There are two usage patters:

  • Bare-bones with usearch/usearch.hpp, only available in C++.
  • Full-fat version with it's own threads, mutexes, type-punning, quantization, that is available both in C++ and is wrapped for higher-level bindings.

C++

To use in a C++ project simply copy the include/usearch/usearch.hpp header into your project. Alternatively fetch it with CMake:

FetchContent_Declare(usearch GIT_REPOSITORY https://github.com/unum-cloud/usearch.git)
FetchContent_MakeAvailable(usearch)

The simple usage example would require including the unum::usearch namespace and choosing the right "distance" function. That can be one of the following templates:

  • cos_gt<float> for "Cosine" or "Angular" distance.
  • ip_gt<float> for "Inner Product" or "Dot Product" distance.
  • l2_squared_gt<float> for the squared "L2" or "Euclidean" distance.
  • jaccard_gt<int> for "Jaccard" distance between two ordered sets of unique elements.
  • bit_hamming_gt<uint> for "Hamming" distance, as the number of shared bits in hashes.
  • pearson_correlation_gt<float> for "Pearson" correlation between probability distributions.
  • haversine_gt<float> for "Haversine" or "Great Circle" distance between coordinates.

That list is easily extendible, and can include similarity measures for vectors that have a different number of elements/dimensions.

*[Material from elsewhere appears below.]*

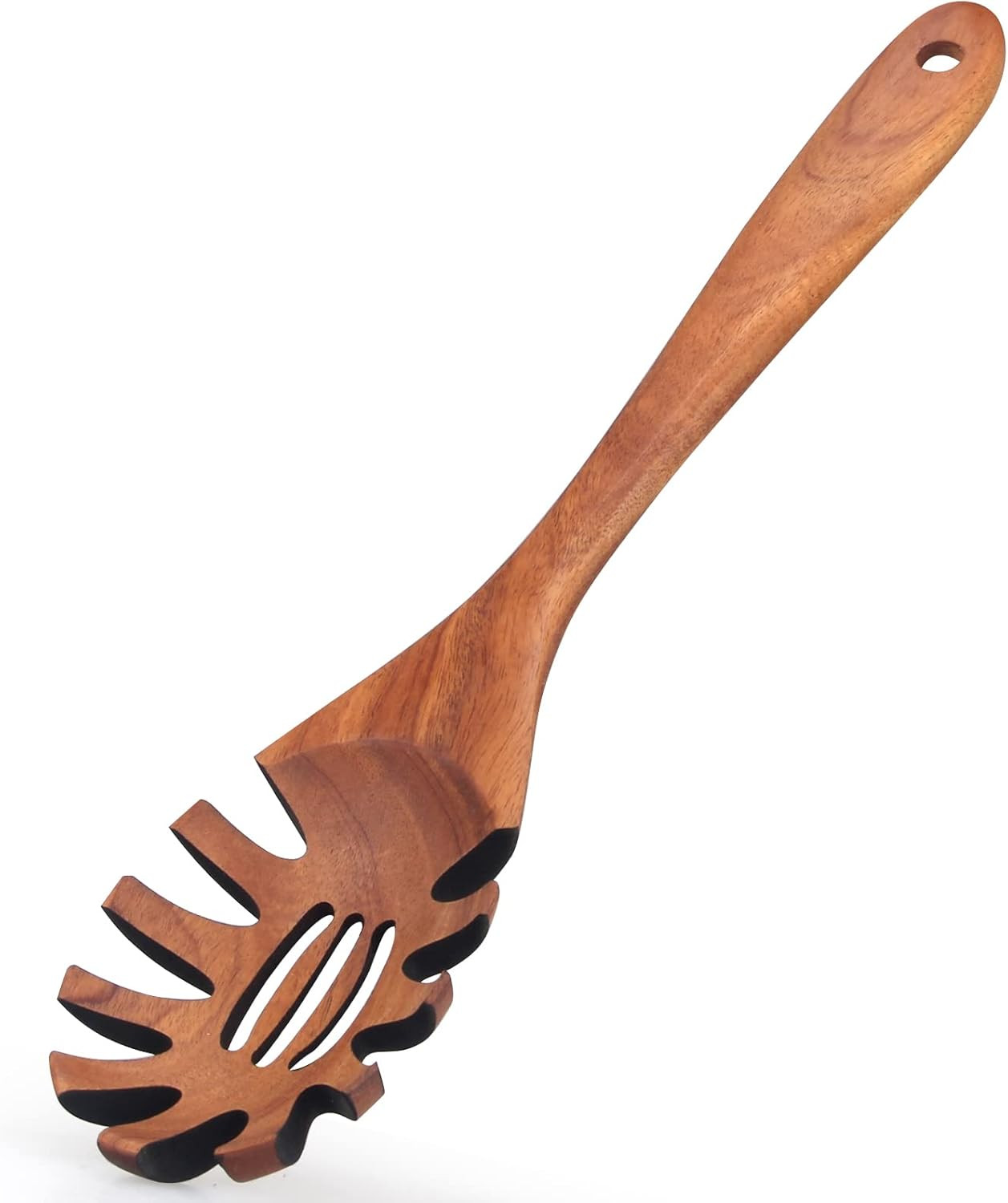 Wooden Pasta Spoon with Teeth Spaghetti Fork Tongs 12.5 Inch Pasta Forks Serving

The minimal example would be.

using namespace unum::usearch;

index_gt<cos_gt<float>> index;
float vec[3] = {0.1, 0.3, 0.2};

index.reserve(10);
index.add(/* label: */ 42, /* vector: */ {&vec, 3});
index.search(
  /* query: */ {&vec, 3}, /* top */ 5 /* results */,
  /* with callback: */ [](std::size_t label, float distance) { });

index.save("index.usearch"); // Serializing to disk
index.load("index.usearch"); // Reconstructing from disk
index.view("index.usearch"); // Memory-mapping from disk

The add is thread-safe for concurrent index construction.

Python

Python bindings are implemented with pybind/pybind11. Assuming the presence of Global Interpreter Lock in Python, on large insertions we spawn threads in the C++ layer.

$ pip install usearch

import numpy as np
import usearch

index = usearch.Index(
    dim=256, # Define the number of dimensions in input vectors
    metric='cos', # Choose the "metric" or "distance", default = 'ip', optional
    dtype='f16', # Quantize to 'f16' or 'i8q100' if needed, default = 'f32', optional
    connectivity=16, # How frequent should the connections in the graph be, optional
    expansion_add=128, # Control the recall of indexing, optional
    expansion_search=64, # Control the quality of search, optional
)

n = 100
labels = np.array(range(n), dtype=np.longlong)
vectors = np.random.uniform(0, 0.3, (n, index.ndim)).astype(np.float32)

# You can avoid copying the data
# Handy when build 1B+ indexes of memory-mapped files
index.add(labels, vectors, copy=True)
assert len(index) == n

# You can search a batch at once
matches, distances, counts = index.search(vectors, 10)

Features

Bring your Threads

Performance

TODO

  • JavaScript: Allow calling from "worker threads".
  • Rust: Allow passing a custom thread ID.